As a Chinese-Canadian, I’ve observed how different dishes are transformed from country to country and sometimes emerge as an interesting hybrid. A number of North American Chinese dishes are not known in China. In a similar way, Australia seems to have developed a number of food items that have taken on local identities. My pal, James, who’s been in Sydney about a year reminded me of the Chicken Parmiagiana phenomenon here.
Melanzane alla parmigiana from Southern Italy was the original dish, according to some sources: fried eggplant with a sprinkling of breadcrumbs and parmesan. Cooks applied this technique to other vegetables, but in Italy, not to meat. Home cooks in the USA in the 50s decided to amp up this dish, breading and deep-frying either chicken or veal, smashed into a thin patty, covered in tomato sauce and then with enough melted cheese on it to form a thick shiny layer.
And so to Australia. Veal isn’t so popular here, but chicken is. Pubs serve beer and food, and if you haven’t been to Australia, you might not know that the pubs here are huge. At one time, pubs were only allowed to serve drinks to travellers, so they added a few rooms on the floor above the bar, which usually takes up the entire ground floor, and many of the bars here still have the word ‘hotel’ in their name.

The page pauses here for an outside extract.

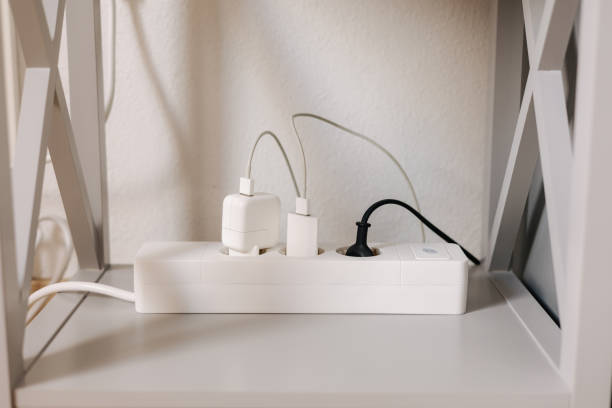 istock Modern cable connector for overloaded power boards at home. The extension cord is filled with sockets 1467573334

The food served is often cheap, hearty, quick fare, best eaten with beer while watching sport on the TVs hanging from the ceiling or projected on the wall.

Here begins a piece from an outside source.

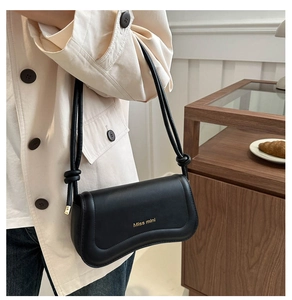 Detail of black leather underarm bag with gold logo and decorative knot strap detail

Thus the chicken parmiagiana (or parma, for short) is an Australian pub classic, and even pubs that have relatively modern menus bow to tradition and put chicken parma on the menu. There are blog sites dedicated to finding the best chicken parma in Australia. This fellow ate one chicken parma a week for an entire year.

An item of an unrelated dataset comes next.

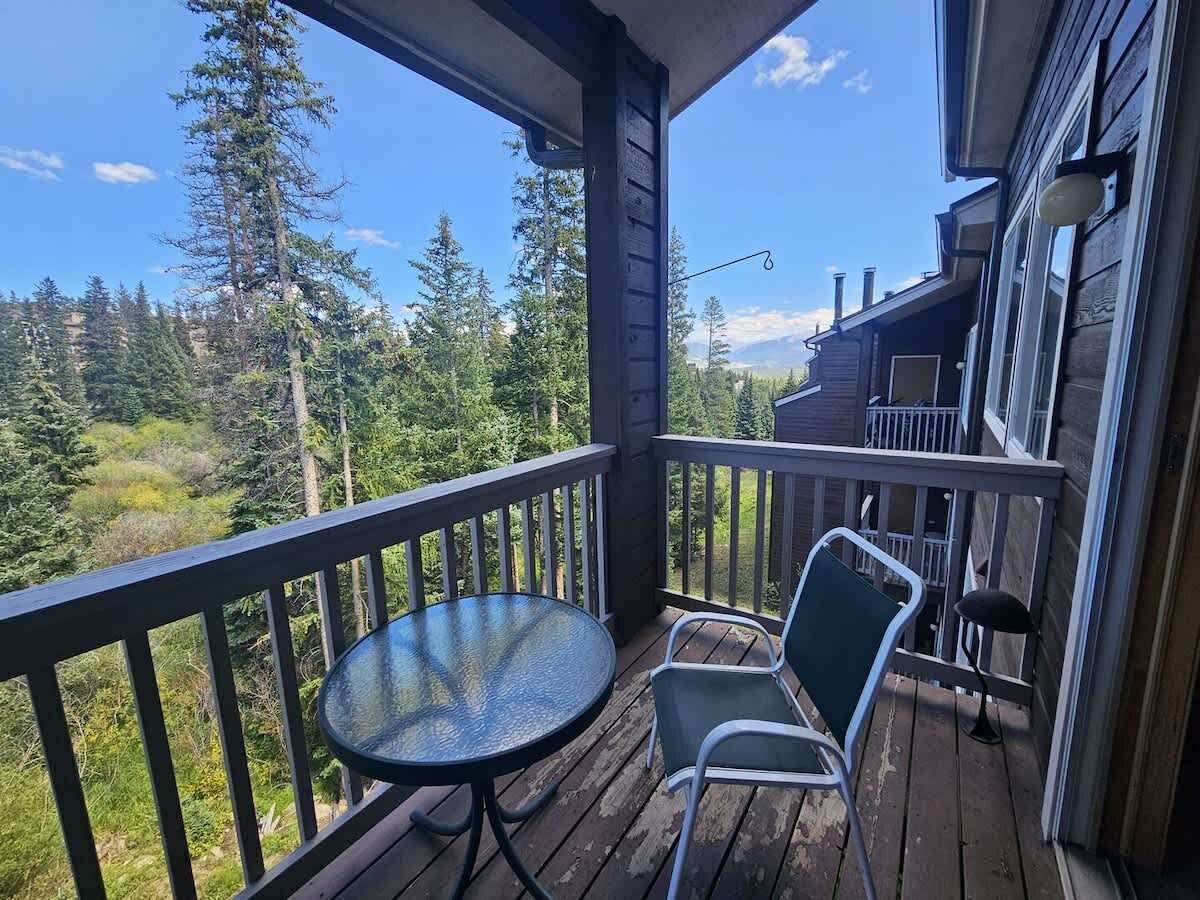 A wooden deck with a round table and two chairs, overlooking a forested area.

I’ve had the dish many a time in my years in Australia (though often order the chicken schnitzel, or schnitty for short) but James seems to be making himself an expert, and said indeed, that the one at the Parkside Bar at the Bat & Ball in Redfern was one of the best he’s had, maybe in the top 3 out of around 20. That’s an impressive ranking.
Mine was delicious, and the serving of fried kale on the side I thought gave it a modern edge (rather than with fries!). The pub itself has a good vibe, fairly empty that Friday night though people were watching comedy in a back room, with 80s retro music a little loud.